En el amanecer democrático hubo un consenso breve de condena mayoritaria a los protagonistas de aquel curso extraviado. Sus máximos responsables fueron juzgados y condenados; y luego, incluso indultados. Parecía, por fin, darse una vuelta de página respecto de aquel recuerdo macabro. Pero algunos núcleos marginales seguían reivindicándolo desde distintos ámbitos culturales. Asociaron ingeniosamente su derrota militar con el saldo traumático de la convertibilidad, a fines de 2001. Luego, desde 2003, Kirchner halló en la tibia popularidad de ese enlace una oportuna fuente de legitimidad compensatoria de su debilidad de origen. Tras el conflicto con el campo, en 2008, el relato oficial les sumó a los militares y menemistas la vieja oligarquía, los nuevos "grupos hegemónicos" y las "corporaciones mediáticas". Pero el relato era solo verosímil con las luchas de los 70 en una radicalidad discursiva que, por fortuna, no traspasó las fronteras de la cultura.

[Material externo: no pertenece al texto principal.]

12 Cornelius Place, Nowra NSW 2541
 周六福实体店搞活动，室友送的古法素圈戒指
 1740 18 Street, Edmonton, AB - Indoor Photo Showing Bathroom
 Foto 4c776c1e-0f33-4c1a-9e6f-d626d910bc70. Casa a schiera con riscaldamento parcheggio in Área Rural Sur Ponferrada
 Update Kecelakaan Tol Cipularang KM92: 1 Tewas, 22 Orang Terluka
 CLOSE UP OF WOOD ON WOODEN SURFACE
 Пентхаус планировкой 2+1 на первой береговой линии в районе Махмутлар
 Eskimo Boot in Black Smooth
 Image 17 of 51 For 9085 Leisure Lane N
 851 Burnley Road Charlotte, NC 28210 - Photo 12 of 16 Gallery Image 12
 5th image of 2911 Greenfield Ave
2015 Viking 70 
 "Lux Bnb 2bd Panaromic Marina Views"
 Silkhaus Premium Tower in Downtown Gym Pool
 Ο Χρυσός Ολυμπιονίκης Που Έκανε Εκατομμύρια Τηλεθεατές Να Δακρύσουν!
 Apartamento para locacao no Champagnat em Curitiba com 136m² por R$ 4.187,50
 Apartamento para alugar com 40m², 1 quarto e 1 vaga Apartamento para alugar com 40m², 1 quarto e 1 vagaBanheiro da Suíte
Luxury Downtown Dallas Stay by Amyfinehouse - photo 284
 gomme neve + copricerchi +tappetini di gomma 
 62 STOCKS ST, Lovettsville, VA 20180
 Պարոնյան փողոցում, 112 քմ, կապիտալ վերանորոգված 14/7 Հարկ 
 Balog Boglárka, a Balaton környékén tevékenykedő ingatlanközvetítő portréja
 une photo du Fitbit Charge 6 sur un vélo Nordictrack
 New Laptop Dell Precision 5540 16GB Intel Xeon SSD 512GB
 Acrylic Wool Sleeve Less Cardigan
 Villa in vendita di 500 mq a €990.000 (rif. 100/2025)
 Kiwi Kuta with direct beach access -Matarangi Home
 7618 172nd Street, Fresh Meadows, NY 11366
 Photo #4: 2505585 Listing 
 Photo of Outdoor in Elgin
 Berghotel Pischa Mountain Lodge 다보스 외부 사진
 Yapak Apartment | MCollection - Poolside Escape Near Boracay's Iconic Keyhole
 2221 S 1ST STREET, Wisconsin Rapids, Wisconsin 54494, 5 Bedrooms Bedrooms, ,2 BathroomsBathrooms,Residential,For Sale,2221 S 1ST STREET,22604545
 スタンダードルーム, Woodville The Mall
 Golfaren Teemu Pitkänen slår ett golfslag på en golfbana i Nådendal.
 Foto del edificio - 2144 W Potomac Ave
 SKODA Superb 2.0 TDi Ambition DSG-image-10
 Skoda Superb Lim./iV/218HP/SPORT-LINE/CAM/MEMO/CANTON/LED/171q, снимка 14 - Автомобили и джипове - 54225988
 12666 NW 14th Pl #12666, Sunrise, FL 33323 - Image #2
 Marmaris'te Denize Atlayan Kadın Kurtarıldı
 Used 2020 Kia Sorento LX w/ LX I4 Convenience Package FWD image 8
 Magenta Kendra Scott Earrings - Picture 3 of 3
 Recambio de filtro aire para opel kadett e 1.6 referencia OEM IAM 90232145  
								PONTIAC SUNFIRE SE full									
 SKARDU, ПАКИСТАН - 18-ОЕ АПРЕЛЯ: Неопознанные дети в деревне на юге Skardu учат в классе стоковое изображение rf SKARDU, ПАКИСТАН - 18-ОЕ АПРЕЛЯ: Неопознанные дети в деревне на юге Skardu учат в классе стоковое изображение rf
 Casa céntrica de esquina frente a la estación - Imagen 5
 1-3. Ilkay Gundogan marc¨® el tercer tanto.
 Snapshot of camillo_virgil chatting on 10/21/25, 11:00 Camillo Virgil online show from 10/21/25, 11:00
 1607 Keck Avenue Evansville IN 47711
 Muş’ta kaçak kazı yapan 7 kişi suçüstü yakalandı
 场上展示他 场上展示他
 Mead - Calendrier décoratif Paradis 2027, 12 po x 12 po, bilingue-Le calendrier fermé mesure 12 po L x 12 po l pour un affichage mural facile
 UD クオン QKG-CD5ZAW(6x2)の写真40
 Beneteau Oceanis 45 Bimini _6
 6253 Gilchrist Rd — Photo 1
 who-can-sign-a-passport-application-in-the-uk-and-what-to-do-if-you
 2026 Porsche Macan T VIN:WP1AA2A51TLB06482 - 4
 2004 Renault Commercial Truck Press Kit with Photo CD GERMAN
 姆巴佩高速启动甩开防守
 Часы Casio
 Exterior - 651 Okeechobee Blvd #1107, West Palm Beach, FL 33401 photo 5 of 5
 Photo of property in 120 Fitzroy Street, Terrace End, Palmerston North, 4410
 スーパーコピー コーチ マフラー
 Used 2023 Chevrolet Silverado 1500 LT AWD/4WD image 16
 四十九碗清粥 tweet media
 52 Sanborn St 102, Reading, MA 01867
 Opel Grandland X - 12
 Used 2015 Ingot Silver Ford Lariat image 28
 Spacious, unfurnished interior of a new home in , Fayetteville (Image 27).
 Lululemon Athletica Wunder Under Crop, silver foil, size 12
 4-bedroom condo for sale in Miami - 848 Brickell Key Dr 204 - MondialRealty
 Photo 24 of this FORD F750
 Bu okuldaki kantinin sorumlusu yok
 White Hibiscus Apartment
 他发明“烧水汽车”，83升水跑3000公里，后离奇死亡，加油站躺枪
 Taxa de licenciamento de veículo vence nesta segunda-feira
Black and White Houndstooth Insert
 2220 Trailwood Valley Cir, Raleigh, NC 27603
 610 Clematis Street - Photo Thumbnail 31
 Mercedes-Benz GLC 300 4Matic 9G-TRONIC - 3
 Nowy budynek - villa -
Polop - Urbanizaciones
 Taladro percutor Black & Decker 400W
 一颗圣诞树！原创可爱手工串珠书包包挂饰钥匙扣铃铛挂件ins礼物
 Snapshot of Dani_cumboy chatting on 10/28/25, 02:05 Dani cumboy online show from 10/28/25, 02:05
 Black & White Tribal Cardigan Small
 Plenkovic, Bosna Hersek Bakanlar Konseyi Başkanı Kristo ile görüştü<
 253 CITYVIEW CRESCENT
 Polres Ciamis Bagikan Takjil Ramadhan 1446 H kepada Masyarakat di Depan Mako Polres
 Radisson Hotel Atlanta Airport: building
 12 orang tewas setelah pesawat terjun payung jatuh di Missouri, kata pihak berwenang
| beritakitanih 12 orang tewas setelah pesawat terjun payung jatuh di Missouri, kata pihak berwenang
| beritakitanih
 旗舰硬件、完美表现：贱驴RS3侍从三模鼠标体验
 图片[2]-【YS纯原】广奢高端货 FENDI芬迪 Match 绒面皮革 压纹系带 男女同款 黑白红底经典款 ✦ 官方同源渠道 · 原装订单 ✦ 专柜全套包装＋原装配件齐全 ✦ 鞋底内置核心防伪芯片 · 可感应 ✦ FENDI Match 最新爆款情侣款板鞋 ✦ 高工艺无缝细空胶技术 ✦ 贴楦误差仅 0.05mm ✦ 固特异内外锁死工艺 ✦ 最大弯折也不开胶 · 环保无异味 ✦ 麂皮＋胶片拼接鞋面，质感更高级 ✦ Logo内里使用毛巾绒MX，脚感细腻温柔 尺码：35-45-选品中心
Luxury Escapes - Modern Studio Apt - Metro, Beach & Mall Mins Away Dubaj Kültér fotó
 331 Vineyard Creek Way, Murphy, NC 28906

Retornemos entonces a la nueva versión explícita del relato kirchnerista. La tarea de "reescribir la historia" denota una disposición muy propia de las religiones laicas de las democracias de masas totalitarias en que, en muchos casos, derivó el nacionalismo romántico del siglo XIX. Pero mucha agua ha corrido bajo el puente desde los avatares de nuestra génesis nacional. Y desde los 60 y los 70 también arribó a estas playas una historia científica superadora del bronce patriótico. Los historiadores profesionales discrepan en las interpretaciones y hasta en los juicios en tanto estos no revistan connotaciones morales, aunque jamás en los hechos.

Las especificidades obvias de nuestra disciplina suponen, entonces, tantas historias como voces e interpelaciones al pasado; y nadie puede imponer, al menos con seriedad académica, una versión definitiva. Es uno de los aspectos más fascinantes de un oficio enriquecido por otras disciplinas hermanas. Pero eso no excluye que haya intelectuales que procuren la reedición de relatos coronadores de la "victoria cultural" del "pueblo" contra sus enemigos. No es fortuito que el profesor González haya descalificado la historia científica como "especie de neoliberalismo inspirado en las academias norteamericanas de estudios culturales".

De vuelta en los 70, las gestas que ahora se pretende reivindicar tuvieron el signo de la intolerancia aspirando a "la revolución" y a un régimen totalitario "popular" encarnado en una elite de iluminados. Sus pretendidos sucedáneos contemporáneos, de modo no fortuito, son los mismos que invocan "victorias populares" definitivas corroboradas por nuevos contratos y nuevos órdenes. Por ahora -solo por ahora- siguen preservando las formas de una apelación retórica de aquellos fantasmas. Pero algo quedó de aquella violencia en la capilaridad cotidiana de "la calle", a la que sugestivamente González apela como fuente de legitimidad política. Conviene no olvidar ese hilo conductor y tomar conciencia de los peligros que estos discursos incuban para una convivencia democrática civilizada.